只需要拿鄰居進行檢測，鄰居最多 2 個 (共邊的三角形)。

### 9.14

The relative neighborhood graph of a set P of points in the plane is defined as follows: Two points p and q are connected by an edge of the relative neighborhood graph if and only if

$d(p, q) \leq \underset{r \in P, r \neq p, q }{min} max(d(p, r), d(q, r)).$
1. Given two points p and q, let lune(p,q) be the moon-shaped region p q lune(p,q) formed as the intersection of the two circles around p and q whose radius is d(p,q). Prove that p and q are connected in the relative neighborhood graph if and only if lune(p,q) does not contain any point of P in its interior.
2. Prove that DG(P) contains the relative neighborhood graph of P.
3. Design an algorithm to compute the relative neighborhood graph of a given point set.

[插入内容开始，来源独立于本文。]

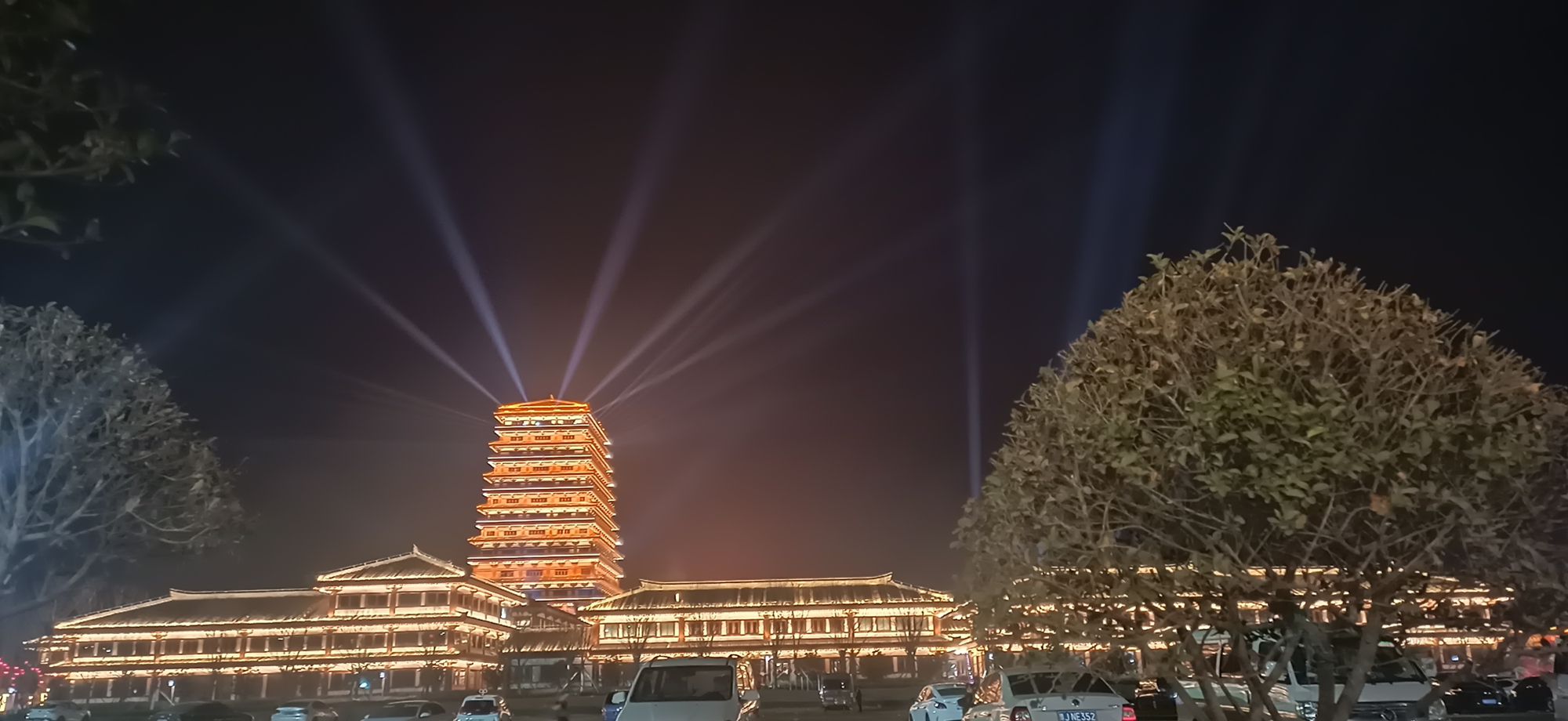 南水北调第一楼旅行图片 3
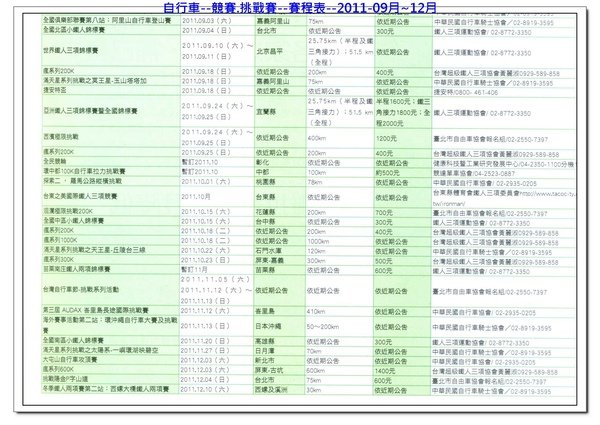 賽程表 2011-09月~12月.jpg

1. 若 p, q 之間沒有邊，則 $$\exists r : d(p, q) > \underset{r \in P, r \neq p, q }{min} max(d(p, r), d(q, r)) \\ \exists r : d(p, q) > d(p, r) \text{ and } d(p, q) > d(q, r)$$ AND 就是做交集操作，不知道該怎麼寫才好。
2. 與 9.14 依樣畫葫蘆，只是$lune(p, q) \subseteq C(p, q)$，則更暗示$\text{ if }e_{p_{i}, p_{j}} \in G \text{ , then } e_{p_{i}, p_{j}} \in Gabriel$
3. 速度是$O(n^{2})$，沒辦法單純看鄰居進行檢查。拿每一條邊進行 O(n) 窮舉。不過在分散式計算，整體是 O(n)。